The markets have been spooked by tales of global oversupply caused in large part by fracking technologies that literally cracked open U.S. oil (and gas) production, coupled with reports of U.S. crude-oil stockpiles at eight-decade highs and accompanying fears we’re running out of storage space for all of the black gold being siphoned from the ground.  

Falling oil prices have thrilled consumers at the gas pump but have roiled the financial markets. For investors, the question is whether this is just a hiccup in a naturally cyclical industry or, given this country’s growing proficiency as a hydrocarbon producer and its newfound role as a major force among global suppliers, the dynamics have changed to the point where the oil industry will gag on oversupply for the foreseeable future.

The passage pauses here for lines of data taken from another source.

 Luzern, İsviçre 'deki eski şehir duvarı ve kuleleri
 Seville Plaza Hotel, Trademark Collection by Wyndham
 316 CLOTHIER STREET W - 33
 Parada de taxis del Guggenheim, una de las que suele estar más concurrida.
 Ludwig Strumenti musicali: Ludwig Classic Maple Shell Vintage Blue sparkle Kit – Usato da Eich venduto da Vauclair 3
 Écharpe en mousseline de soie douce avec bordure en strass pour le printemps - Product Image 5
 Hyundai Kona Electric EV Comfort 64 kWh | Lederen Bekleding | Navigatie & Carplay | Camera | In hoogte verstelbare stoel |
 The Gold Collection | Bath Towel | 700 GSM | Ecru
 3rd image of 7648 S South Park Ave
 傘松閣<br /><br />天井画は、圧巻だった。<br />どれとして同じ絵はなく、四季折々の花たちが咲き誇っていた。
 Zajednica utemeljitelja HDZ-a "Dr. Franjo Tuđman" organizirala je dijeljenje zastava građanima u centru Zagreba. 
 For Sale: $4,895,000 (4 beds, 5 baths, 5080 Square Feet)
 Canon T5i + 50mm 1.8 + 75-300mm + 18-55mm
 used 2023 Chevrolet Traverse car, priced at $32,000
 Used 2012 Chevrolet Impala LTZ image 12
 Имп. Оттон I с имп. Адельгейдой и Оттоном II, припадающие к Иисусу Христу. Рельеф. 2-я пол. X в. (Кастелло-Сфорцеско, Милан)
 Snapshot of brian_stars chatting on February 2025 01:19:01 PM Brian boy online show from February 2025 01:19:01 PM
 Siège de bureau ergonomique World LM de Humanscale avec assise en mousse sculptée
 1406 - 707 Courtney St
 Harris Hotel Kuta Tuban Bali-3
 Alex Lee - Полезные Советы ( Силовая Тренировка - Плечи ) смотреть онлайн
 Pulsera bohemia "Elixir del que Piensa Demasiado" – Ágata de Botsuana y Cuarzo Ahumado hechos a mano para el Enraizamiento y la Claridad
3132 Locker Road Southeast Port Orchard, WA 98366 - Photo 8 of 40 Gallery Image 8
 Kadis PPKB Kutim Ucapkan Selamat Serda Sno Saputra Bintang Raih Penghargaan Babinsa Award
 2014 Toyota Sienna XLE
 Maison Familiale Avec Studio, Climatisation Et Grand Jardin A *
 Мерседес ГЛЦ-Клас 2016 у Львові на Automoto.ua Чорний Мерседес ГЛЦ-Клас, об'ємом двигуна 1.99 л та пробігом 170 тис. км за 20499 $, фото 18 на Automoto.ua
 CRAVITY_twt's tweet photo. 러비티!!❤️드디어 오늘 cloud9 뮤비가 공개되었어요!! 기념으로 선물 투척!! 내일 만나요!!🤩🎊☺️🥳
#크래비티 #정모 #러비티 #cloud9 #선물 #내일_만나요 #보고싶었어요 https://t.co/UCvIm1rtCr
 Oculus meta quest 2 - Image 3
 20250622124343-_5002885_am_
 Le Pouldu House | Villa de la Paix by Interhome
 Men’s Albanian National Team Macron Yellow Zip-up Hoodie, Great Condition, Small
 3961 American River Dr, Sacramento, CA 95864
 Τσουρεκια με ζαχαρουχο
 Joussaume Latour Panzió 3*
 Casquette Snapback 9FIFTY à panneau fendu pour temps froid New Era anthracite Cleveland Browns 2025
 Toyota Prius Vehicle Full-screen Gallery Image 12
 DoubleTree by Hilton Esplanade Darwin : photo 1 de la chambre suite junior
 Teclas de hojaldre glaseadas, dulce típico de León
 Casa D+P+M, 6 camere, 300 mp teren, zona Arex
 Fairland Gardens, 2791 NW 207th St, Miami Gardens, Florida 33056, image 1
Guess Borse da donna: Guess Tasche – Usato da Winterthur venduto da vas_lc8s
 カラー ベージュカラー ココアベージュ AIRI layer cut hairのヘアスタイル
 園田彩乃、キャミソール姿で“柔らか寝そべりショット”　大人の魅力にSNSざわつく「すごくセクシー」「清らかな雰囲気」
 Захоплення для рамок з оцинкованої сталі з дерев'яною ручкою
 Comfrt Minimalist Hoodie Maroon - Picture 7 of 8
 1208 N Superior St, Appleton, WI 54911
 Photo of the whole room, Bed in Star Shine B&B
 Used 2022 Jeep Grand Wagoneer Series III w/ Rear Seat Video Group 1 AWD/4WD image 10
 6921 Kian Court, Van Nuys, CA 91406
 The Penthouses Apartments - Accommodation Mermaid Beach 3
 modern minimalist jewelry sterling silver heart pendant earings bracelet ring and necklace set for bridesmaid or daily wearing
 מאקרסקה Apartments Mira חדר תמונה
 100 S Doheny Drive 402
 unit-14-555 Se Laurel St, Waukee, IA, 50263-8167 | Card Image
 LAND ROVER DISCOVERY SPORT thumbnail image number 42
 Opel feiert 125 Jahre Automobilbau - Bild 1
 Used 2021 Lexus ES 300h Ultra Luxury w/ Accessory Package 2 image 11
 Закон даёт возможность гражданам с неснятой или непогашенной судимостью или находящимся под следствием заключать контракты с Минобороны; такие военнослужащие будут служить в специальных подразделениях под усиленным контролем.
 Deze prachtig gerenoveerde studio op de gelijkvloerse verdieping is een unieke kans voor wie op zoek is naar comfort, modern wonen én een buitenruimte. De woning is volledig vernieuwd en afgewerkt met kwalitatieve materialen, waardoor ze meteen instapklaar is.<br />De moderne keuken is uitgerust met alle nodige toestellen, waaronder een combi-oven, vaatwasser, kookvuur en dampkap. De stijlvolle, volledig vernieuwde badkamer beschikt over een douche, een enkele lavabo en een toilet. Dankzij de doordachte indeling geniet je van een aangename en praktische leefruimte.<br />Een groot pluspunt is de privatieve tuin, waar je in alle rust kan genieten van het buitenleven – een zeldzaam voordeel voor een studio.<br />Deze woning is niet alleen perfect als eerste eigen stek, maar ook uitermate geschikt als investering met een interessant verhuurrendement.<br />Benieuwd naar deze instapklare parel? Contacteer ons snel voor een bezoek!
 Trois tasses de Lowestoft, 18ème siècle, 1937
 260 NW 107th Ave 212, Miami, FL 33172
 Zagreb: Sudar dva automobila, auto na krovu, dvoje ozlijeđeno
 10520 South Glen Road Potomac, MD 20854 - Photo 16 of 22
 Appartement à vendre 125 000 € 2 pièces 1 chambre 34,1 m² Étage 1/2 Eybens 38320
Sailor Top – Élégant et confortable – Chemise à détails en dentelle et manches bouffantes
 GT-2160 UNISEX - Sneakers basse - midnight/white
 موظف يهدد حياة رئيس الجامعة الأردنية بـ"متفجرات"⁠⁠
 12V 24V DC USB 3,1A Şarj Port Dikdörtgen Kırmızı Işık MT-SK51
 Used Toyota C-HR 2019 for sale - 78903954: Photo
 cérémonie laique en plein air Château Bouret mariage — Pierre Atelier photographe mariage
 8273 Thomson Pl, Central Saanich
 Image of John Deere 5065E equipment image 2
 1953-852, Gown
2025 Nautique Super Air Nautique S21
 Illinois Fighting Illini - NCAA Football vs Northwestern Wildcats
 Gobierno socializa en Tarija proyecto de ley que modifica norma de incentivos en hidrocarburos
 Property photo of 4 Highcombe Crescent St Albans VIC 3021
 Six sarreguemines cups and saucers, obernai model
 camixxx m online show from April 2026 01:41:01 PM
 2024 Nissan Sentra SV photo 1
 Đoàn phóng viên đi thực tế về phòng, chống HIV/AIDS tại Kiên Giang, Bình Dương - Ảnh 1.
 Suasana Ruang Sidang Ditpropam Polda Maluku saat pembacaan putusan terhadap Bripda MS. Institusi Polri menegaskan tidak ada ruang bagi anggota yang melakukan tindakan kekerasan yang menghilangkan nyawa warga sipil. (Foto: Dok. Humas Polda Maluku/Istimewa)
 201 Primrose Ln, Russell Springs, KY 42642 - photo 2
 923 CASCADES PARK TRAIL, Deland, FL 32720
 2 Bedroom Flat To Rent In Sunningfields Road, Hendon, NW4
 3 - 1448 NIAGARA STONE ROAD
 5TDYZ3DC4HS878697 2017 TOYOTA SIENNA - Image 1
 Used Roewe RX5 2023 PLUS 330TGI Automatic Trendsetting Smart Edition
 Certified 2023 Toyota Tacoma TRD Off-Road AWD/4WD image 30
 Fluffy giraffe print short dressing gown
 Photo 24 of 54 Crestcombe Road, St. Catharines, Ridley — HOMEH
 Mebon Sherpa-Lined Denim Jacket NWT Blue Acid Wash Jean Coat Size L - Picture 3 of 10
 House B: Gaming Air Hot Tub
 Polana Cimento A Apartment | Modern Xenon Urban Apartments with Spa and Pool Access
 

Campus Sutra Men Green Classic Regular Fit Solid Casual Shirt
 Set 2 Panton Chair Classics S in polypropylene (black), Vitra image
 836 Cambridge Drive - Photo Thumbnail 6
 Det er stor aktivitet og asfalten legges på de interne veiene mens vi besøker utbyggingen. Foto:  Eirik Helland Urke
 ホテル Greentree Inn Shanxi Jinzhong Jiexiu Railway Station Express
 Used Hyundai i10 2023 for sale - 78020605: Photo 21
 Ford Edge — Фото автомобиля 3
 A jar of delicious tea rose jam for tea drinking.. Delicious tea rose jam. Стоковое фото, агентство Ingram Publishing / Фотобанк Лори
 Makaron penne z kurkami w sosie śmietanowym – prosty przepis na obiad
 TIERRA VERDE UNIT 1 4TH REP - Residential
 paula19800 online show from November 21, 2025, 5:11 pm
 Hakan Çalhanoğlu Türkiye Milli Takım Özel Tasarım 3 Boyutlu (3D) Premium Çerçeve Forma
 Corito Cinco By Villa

The energy sector is too important to ignore, and the recent tumult can be seen either as a buying opportunity in the oil patch, a chance to look at other types of energy-related companies as viable long-term investments, or both.

Kenneth Waltzer, managing director at KCS Wealth Advisory in West Los Angeles, Calif., sees the drop in oil prices as temporary and a chance to invest in good energy-related companies at bargain prices. “We favor well-capitalized companies and those with significant reserves that can be taken over by the majors,” he says.

Among the possible takeover candidates, Waltzer cited Apache. This oil and gas exploration and production outfit is an example of a company whose stock was hammered. But it has proven reserves, and that could make it an attractive target, especially among those major oil companies that would rather cost-effectively seek new sources of crude than try to extract new reserves in expensive, hard-to-drill areas.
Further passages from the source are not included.